Tuesday, August 7, 2012

The Punisher (1989)

Title: The Punisher (1989)

Director: Mark Goldblatt

Writer: Boaz Yakin

Cast: Dulph Lundgren, Louis Gossett Jr., Nancy Everhard, Jeroen Krabbe


Sometimes a movie just doesn’t take off for all the wrong reasons. Sometimes, like in the case of Mark Goldblatt’s The Punisher, a film will die a quick and ugly death at the box office, not because the film is bad, but because the studio that backed it up is going down the drain. The studio in question was New World Pictures; a studio that was going bankrupt during the time The Punisher was being made.  It was going through one of those name change things, where one company buys the other and so they end up changing the companies name.

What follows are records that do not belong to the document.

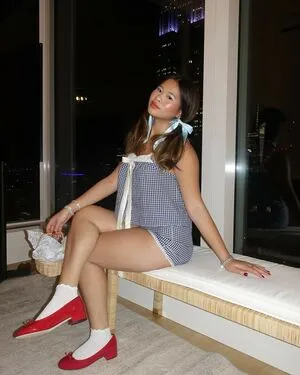 Katie Fang OnlyFans Leaked Free Thumbnail Picture - #BrabKiX5Jc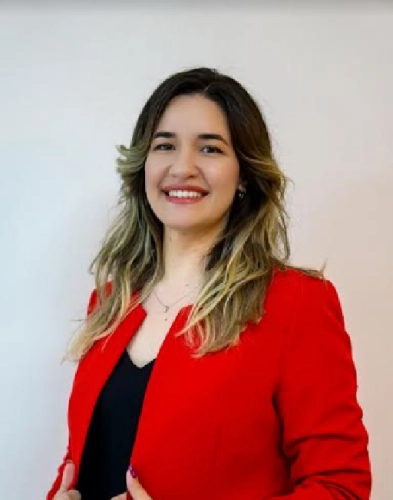 Uzm. Psk. Ecem Çakın, Uzman Psikolog, İzmir Konak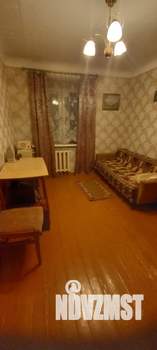 2-к квартира, на длительный срок, 48м2, 5/5 этаж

Goldblatt’s The Punisher suffered promotion wise and release wise because of this. It wasn’t released theatrically in the U.S., but it did receive theatrical releases around the world, which is how I got to see it in theaters, because I live in Puerto Rico. Lucky me; this is after all, the one and only Punisher movie that’s worth a damn, so far anyways. I didn’t enjoy Jonathan Hensleigh’s The Punisher (2004), that’s the one with Thomas Jane as the titular character. I thought Thomas Jane was the worst choice to play the character, not because I don’t like Thomas Jane as an actor, but because he didn’t look the part. He didn’t look tough enough, plus, Travolta was weak as a villain and the film itself, it just didn’t do it for me. Punisher: War Zone (2008), I need to rewatch because I can’t remember much of it; but I do remember thinking that Punisher looked just right on that one, and that the action and violence was brought up a couple of notches. But for me, this 1989 version is the closest they’ve ever gotten to capturing the gritty, violent nature of Frank Castle.

The story is about Frank Castle going up against the Yakuza a.k.a. The Japanese Mafia. You see, the Yakuza wants to take over the whole drug operation in the city and they are asking for a huge cut of the earnings. Of course, the established drug lords of the city don’t like the deal that the Yakuza’s have set upon the table and so they decline the Yakuza’s offer. But the Yakuza’s won’t take no for answer, so in order to make sure the drug lords will all cooperate; the Yakuza’s kidnap the druglords kids and hold them as hostages! The Punisher a.k.a. Frank Castle, takes it upon himself to save the kids and destroy the Yakuza. Will he be able to do it?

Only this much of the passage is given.